Il coucha cette nuit-là avec la sirène, succédant dans son lit au comte de Joyeuse qui y avait couché la veille.


XXV


Dernière chronique de l’œil-de-Bœuf : Les lupercales
de l’orgie.


Cette nuit-là, le Club des Poteaux flamboyait de lumière et de rut.

Le baron Locule, sur les instances de la Morphine, avait convié le ban et l’arrière-ban de l’érotomanie selecte à une orgie de Romains de la décadence, dans tout son raffinement et sa dépravation.

Le grand salon, sanctuaire des lupercales, avait été converti en triclinium avec sa grande table monopode de milieu entourée de lits de banquet.

Le pourtour avait été tendu de draperies pourpres frangées d’or. Un épais tapis de fleurs recouvrait le parquet.

Dans la grande cheminée gothique, un feu de bois odorant pétillait, s’avivant en étincelles multicolores ; des ondes parfumées jaillissaient d’une fontaine lumineuse, retombant en cascades dans un bassin de marbre, qu’entourait un boisement de plantes et de fleurs.

La statue du dieu Simone, l’Inère cornu aux pieds fourchus, assis sur un groupe de faunes ivres, dominait la table.

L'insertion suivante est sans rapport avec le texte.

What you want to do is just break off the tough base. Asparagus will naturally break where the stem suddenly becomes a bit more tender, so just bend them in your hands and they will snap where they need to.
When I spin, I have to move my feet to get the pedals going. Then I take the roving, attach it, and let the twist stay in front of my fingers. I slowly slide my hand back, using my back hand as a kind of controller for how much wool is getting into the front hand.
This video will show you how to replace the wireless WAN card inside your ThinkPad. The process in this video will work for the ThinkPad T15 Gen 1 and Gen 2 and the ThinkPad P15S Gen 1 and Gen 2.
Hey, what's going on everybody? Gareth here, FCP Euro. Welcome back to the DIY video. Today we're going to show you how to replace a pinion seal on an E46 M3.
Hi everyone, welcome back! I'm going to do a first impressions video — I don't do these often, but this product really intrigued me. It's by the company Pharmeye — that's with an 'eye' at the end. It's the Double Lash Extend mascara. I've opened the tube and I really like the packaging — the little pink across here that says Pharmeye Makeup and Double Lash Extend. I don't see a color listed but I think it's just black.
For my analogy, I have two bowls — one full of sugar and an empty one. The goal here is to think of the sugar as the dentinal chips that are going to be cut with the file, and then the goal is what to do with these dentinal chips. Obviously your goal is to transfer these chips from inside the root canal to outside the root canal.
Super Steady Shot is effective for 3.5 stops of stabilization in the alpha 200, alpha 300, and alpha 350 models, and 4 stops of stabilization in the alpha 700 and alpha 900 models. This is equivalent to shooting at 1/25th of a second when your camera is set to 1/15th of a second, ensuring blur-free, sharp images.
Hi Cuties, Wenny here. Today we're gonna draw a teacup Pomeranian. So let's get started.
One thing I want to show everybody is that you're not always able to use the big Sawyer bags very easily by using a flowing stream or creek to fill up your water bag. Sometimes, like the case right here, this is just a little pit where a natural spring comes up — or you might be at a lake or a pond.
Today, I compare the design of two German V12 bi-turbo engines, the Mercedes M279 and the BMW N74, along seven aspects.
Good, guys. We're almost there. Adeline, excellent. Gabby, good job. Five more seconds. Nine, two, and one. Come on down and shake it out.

Un jeu de robinets permettait d’activer ou de modérer l’action des lumières.

Les convives portaient la robe synthèse de fine batiste : blanche pour les hommes, pourpre pour les femmes.

Le marquis de Méhaigne, un sourire d’extatique veulerie aux lèvres, était couché sur un des lits de festin, à côté de la Morphine, dont la chair, collée à la sienne à travers le léger tissu qui la couvrait, le brûlait.

Le comte de Joyeuse avait été élu grand prêtre, chargé de présider aux libations.

Un lit lui avait été réservé au côté opposé de la table, entre deux vierges solisteriennes descendues à toutes jambes de Montmartre.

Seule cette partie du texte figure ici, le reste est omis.